Dame Barbara Hepworth – Ida Kar photography National Portrait Gallery

“You know, England has usually been a very literary country, and a bit startled if it doesn’t have a story.  Well, I like the story to be implicit in the work, and you make your own fantasy.” Barbara Hepworth

 My first girlie holiday, when I was about 16 /17 was with school friends staying in one of their gran’s summerhouse in St Ives, Cornwall.  Fortunately the summer was good (for once), and we spent days on the beach, and exploring the best that that St Ives has to offer. With a few of us studying art at the time we felt we could not leave without visiting the Tate Museum in St Ives (part of the London Tate gallery group).


Source tate.org.uk – Tate St Ives from across the bay


Several years on (lets just say we are talking double figures), two things still stick out about the visit.  Firstly the amazing bay window which overlooks St Ives Surf beach… very much like a moving piece of art in it’s own right, and secondly the sculpture and art work of Dame Barbara Hepworth and the visit to her sculptural sanctuary – The Barbara Hepworth Museum and Sculptural Gardens which are part of the Tate St Ives.

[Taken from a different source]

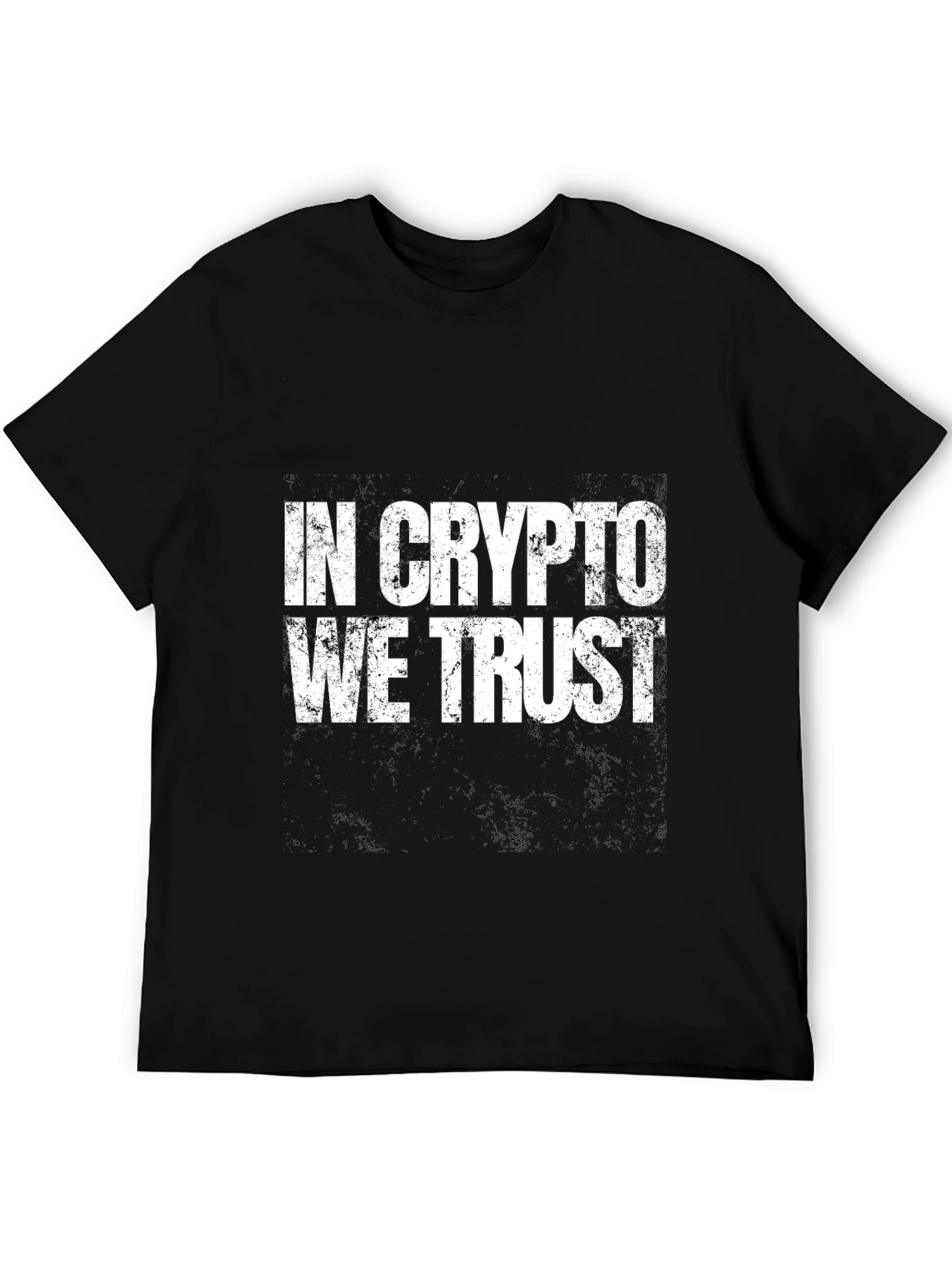 In Crypto We Trust Black T-Shirt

I am not going to give a full biography of Hepworth, (just hit on some of the links if you would like to read more about her extraordinary life), but as a summary British-born (1903-1975) sculptor Barbara Hepworth has been called one of the most outstanding artists of the 20th century.  As with many women of her era, she never fully obtained the recognition that was bestowed on many of her male contemporaries such as fellow sculptor Henry Moore.

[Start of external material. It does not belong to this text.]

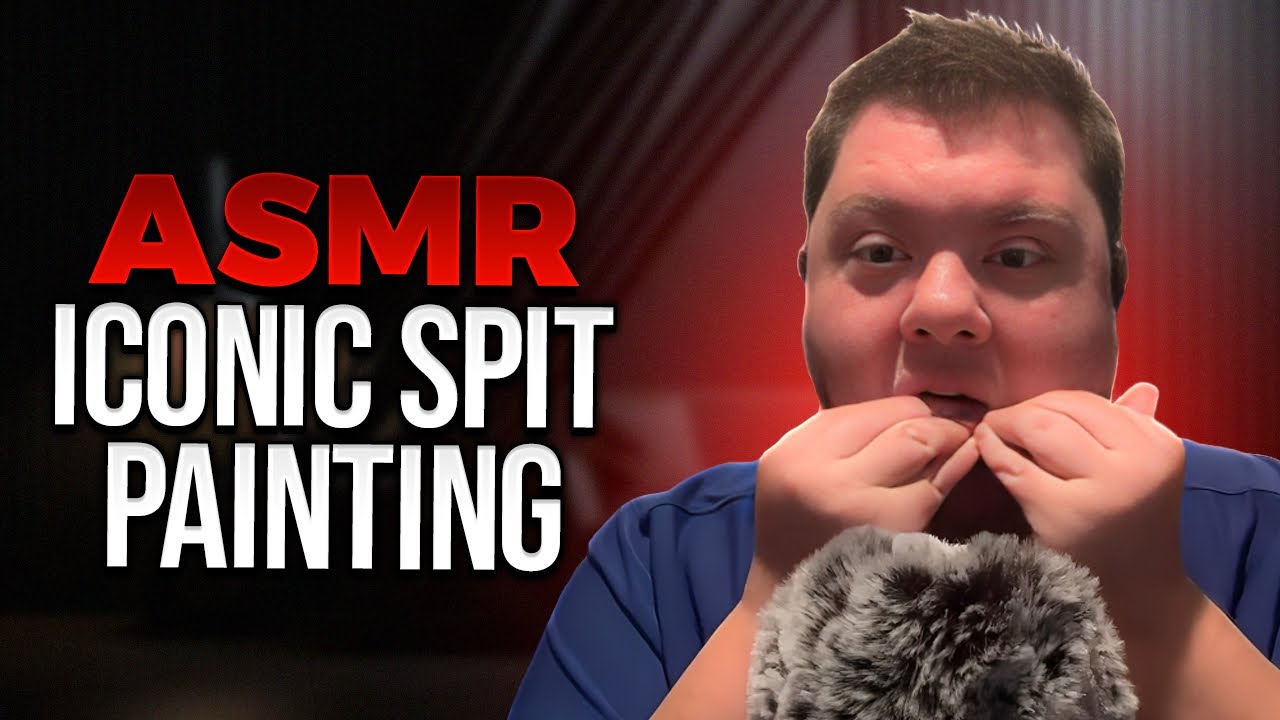 ASMR MOST ICONIC SPIT PAINTING EVER! TINGLES (USE HEADPHONES FOR BETTER SOUND)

The Barbara Hepworth Museum and Sculptural Gardens

Unfortunately Hepworth died in a fire, thought to have been started by an unextinguished cigarette.  One of her bequests was to leave her studio as a gallery for all to enjoy her work the way she wanted.  For people to explore in the gardens and use their imagination.  If you are ever in the area I strongly urge you to go and check it out… it is like a little step back in time with her studio pretty much as she left it…..


Barbara

Barbara’s studio – Source “luck on the sea” blog




…….and a garden where you cannot do anything but relax and reflect. (images below are from tate.org.uk).  Quite simply I think the one aspect I am in love with is the fact that many of her sculptures form a frame for you to look through and create your own pictures and experiences.

(Stone Sculpture 1956)

(Sphere with Inner Form – 1963)


Garden Sculpture (Model for Meridian)

(Barbara with Garden Sculpture (Model for Meridian) 1958 – Source barbarahepworth.org.uk)

Paintings

Whilst known predominantly for her sculpture, the first works that captured me was her studies of a surgeon and the story behind it… which I will relay.

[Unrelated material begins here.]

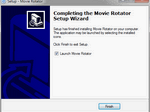 Choose Finish and Launch Movie Rotator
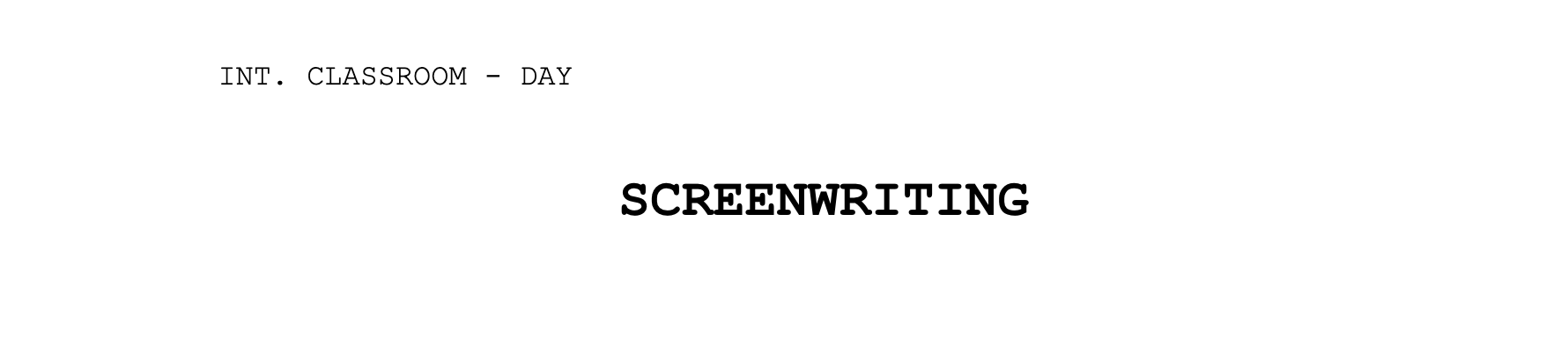 Course Image Writing for Screen [BAFTH-WS/Dub/FT]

Barbara Hepworth first `discovered’ the aesthetics of surgery through Norman Carpener, an Orthopaedic Surgeon in Exeter, who treated her daughter Sarah. The Capeners, who also had four young children, became close friends of the family, and in particular Barbara, whose sculpture Norman admired. Norman suggested that she should watch first hand an operation in a hospital, and Hepworth saw an analogy between the work of a sculptor and a surgeon which she captured in her work.

Fenestration (The Microscope) (England, 1948) – Source leicestergalleries.com


“I expected that I should dislike it; but from the moment when I entered the operating theatre I became completely absorbed by two things: first, the co-ordination between human beings all dedicated to the saving of a life, and the way that unity of idea and purpose dictated a perfection of concentration, movement, and gesture, and secondly by the way this special grace (grace of mind and body), induce a spontaneous space composition, an articulated and animated kind of abstract sculpture very close to what I had been seeking in my own work.”
Dame Barbara Hepworth, ‘Fenestration of the Ear (The Hammer)’ 1948

I hope you enjoyed your trip to Devon and Cornwall – on with the colourful journey…………….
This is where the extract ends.